According to a further variant, which in turn may also be regarded as an independent invention, the invention provides a centrifuge comprising a rotatable rotor and an assembly that is stationary in operation, wherein the rotatable rotor is rotatably mounted in or on the stationary assembly by means of one or more bearing devices, wherein the rotatable rotor comprises a rotatable drum and a drive element for rotating the drum as well as one or more electrical loads arranged on or in the rotor, wherein the drum comprises solids discharge nozzles and wherein an electrically controllable device for changing the nozzle cross-section of the solids discharge nozzles is provided as a load. This device for changing the nozzle cross-section of the solids discharge nozzles is preferably designed as an electrically adjustable nozzle needle which is moved into the passage cross-section, whereby a remaining passage cross-section can be changed. However, this device can also be designed as an impact body which is electrically adjustably pushed in front of the nozzle opening so that a gap with variable gap width is formed. In this way, it is easily possible to change the cross-section of the solids discharge nozzles even during operation, which would otherwise not be possible.

Finally, the invention also provides a method for operating a centrifuge according to the description above, in which the rotor is moved from a first non-rotating state to a rotating state to separate, in a centrifugal field in the drum of the rotor, a product fed into the drum into different phases, wherein one or more loads arranged in or on the rotor are supplied with electrical power from a battery arranged in the rotor both during an operating state in which the rotor is rotated and in a state in which the rotor is stationary.

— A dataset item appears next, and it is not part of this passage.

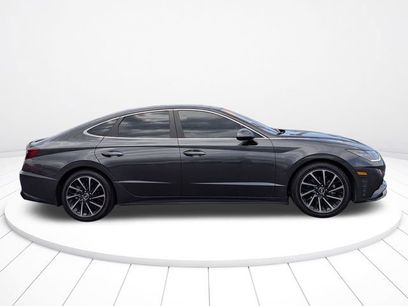 Used 2021 Hyundai Sonata Limited w/ Preferred Accessory Package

This method offers, inter alia, the advantages also described with respect to the device.

It should be noted that the independent claims indicate combinations of features that can be advantageously combined individually, but also in combination with the features of one or more other alternative independent claims. In addition, the respective independent claims can also be advantageously combined with the features of all subclaims.

BRIEF DESCRIPTION OF THE DRAWING FIGURES

Advantageous variants are explained in more detail below with reference to a preferred exemplary embodiment with reference to the attached drawings, which is not to be understood as limiting or as the only conceivable exemplary design. In particular, it is not necessary to combine all the features of the following description in all the exemplary embodiments, wherein:

FIG. 1: shows a schematic sectional view of a centrifuge which can be operated according to a method according to the invention; and

FIG. 2: shows a charging circuit for a rotor of a centrifuge according to the invention.

DETAILED DESCRIPTION

FIG. 1 shows a centrifuge with a rotatable rotor 1 and an assembly 2 that is stationary during operation. The rotatable rotor 1 and the non-rotatable assembly 2 are shown only schematically. The rotatable rotor 1 is rotatably mounted in or on the stationary assembly 2 by means of one or more bearing devices 3, wherein these bearing devices 3 can be designed in any manner per se, such as roller bearings or plain bearings and/or magnetic bearings. In order to set the rotor 1 in rotation, a drive device 4 acts on it, which can be designed, for example, as an electric motor, which can transmit a torque to the rotor 1 directly or via a gear unit (not shown).

The rotatable rotor 1 has a rotatable drum 10. It may further comprise as a drive element, for example, a drive spindle 11 for rotating the drum 10, as well as one or more further elements.

The non-rotatable assembly 2 has a machine frame 20, as well as a hood 21 for covering the drum 10. Furthermore, it may comprise further elements such as a solids trap 22, as well as possibly further elements such as one or more lines, damping elements, a lubricant treatment unit, etc. Such elements are shown here only schematically or are not shown, since those skilled in the art are familiar with them and can therefore advantageously design them without further information.

The drum 10 has an inlet 101, a distributor 102, optionally a disc pack 103 consisting of separating discs 104, at least one first outlet 105 for a liquid phase and optionally at least one second outlet 106 for a solid phase. Optionally, a further outlet (not shown here) can be provided, for example, for discharging a further liquid phase.

The drum 10 can be designed for continuous operation. It can preferably have a vertical axis of rotation. However, it is also conceivable to align the axis of rotation differently.

The first outlet 105 can be designed as a peeling disc or gripper. However, it can also be of any other design, such as an open drain or a hermetically sealed drain.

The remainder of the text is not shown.